Admirable es lograr la ejecución de semejante monumentalidad. ¿O deberíamos haber invertido en construcciones más útiles? Y la polémica está servida. Al tratarse de una obra de arte, sobra tiempo para descatalogar lo aparentemente inútil.

Aun así no faltan curiosos que visitan el lugar, pero queda la duda si es por el horizonte, por la fortaleza o por el monumento. O simplemente para documentar que hemos estado. Cierto es que cuando descubrimos nuevos lugares, tendemos a superar alturas para crecer en perspectiva. En principio los miradores son la atracción de los barrios, y el barrio en sí no es más que una excusa para llegar al punto que hace unos años aparecía en los mapas como lugar pintoresco.

Saltándome los tópicos, quiero olvidar aquellos comentarios que sugieren la importancia de según qué grandeza, sin trascendencia evidente. Encaminemos esta reflexión hacia las diferentes obras del artista. Piezas casi diminutas en hierro, bronce u otros materiales, elogian bocetos nobles y eternos, tan eternos como el Elogio al Horizonte. Y no pretendí un juego de palabras. Todo lo contrario. Es un intento de ampliar posibilidades, evaluar volumen y espacio para tal vez sentir una propuesta creativa.

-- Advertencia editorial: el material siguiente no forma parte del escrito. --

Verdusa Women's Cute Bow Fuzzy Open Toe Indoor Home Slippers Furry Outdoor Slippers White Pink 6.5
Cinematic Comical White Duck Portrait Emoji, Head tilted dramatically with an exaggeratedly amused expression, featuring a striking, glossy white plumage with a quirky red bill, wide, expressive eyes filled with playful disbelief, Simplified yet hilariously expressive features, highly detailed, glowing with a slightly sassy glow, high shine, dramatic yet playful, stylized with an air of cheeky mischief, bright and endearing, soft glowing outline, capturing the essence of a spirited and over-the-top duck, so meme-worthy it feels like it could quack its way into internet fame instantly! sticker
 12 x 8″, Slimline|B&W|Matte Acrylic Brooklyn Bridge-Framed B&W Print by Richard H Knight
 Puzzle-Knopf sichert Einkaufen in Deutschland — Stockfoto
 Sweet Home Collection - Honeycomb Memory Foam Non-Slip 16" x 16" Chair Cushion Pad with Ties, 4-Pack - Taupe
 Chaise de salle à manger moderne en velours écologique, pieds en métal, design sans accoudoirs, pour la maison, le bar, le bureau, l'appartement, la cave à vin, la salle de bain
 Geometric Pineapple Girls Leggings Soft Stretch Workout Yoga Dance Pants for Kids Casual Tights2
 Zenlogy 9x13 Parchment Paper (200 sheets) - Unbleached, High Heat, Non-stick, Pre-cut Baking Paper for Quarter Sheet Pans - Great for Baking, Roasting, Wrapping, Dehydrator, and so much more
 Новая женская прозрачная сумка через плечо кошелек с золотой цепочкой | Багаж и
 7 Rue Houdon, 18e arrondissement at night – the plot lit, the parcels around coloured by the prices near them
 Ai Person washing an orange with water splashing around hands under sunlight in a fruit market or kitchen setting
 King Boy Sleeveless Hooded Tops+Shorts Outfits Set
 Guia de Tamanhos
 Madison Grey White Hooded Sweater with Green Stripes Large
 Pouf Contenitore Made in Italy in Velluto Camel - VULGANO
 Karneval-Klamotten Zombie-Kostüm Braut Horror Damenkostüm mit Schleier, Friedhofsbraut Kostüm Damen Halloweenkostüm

Centrémonos en el año de su construcción y la moneda utilizada para pagar la ejecución. Hace casi treinta años y un centenar de millones de un instrumento de pago que lleva algo más de la mitad de estos años en el olvido. Y aún así se recuerda. Cómo se recuerda la época en la que el dinero todavía abundaba y alcanzaba para disfrutar la vida con algún que otro capricho, como elogiando horizontes no tan lejanos.

Un espacio desmilitarizado pero fortaleza, útil en desafío al tiempo, en un lugar que alberga un volumen suficiente para acoger y envolver una estructura más. Aquí estamos ante un monstruo dócil, amaestrado, que aparte de dar la espalda al fuerte y al barrio por él protegidos, se enfrenta a un mundo abierto, con el que no compite, pero sí comparte aire fresco y regenerado. Una brisa marina que lo acaricia pero no deforma.

Sin duda estamos ante un intento colosal de albergar arte, y que éste acoja su entorno, formando un conjunto claramente dimensionado. Pertenece además a una de las obras más sencillas, pese a su gran tamaño. A diferencia de los lugares de encuentro, que parten de una aglomeración de íes, griegas, como no, este elogio es un equilibrio sobredimensionado que no sólo no tambalea, sino que además acoge con sus brazos abiertos la ciudad que lo alberga. El horizonte siente unión con el propio de la escultura monumental.

La austeridad con que esta obra determina espacio, el propio y el entorno, reclama no solamente un índice estético, sino que ha sabido desafiar también la ingeniería. Y si la corona se hubiese cerrado, el monumento habría alcanzado la perfección, pero como la perfección hubiera aniquilado la intención artística, actúa una tensión ejemplar y característica como revelación elegante.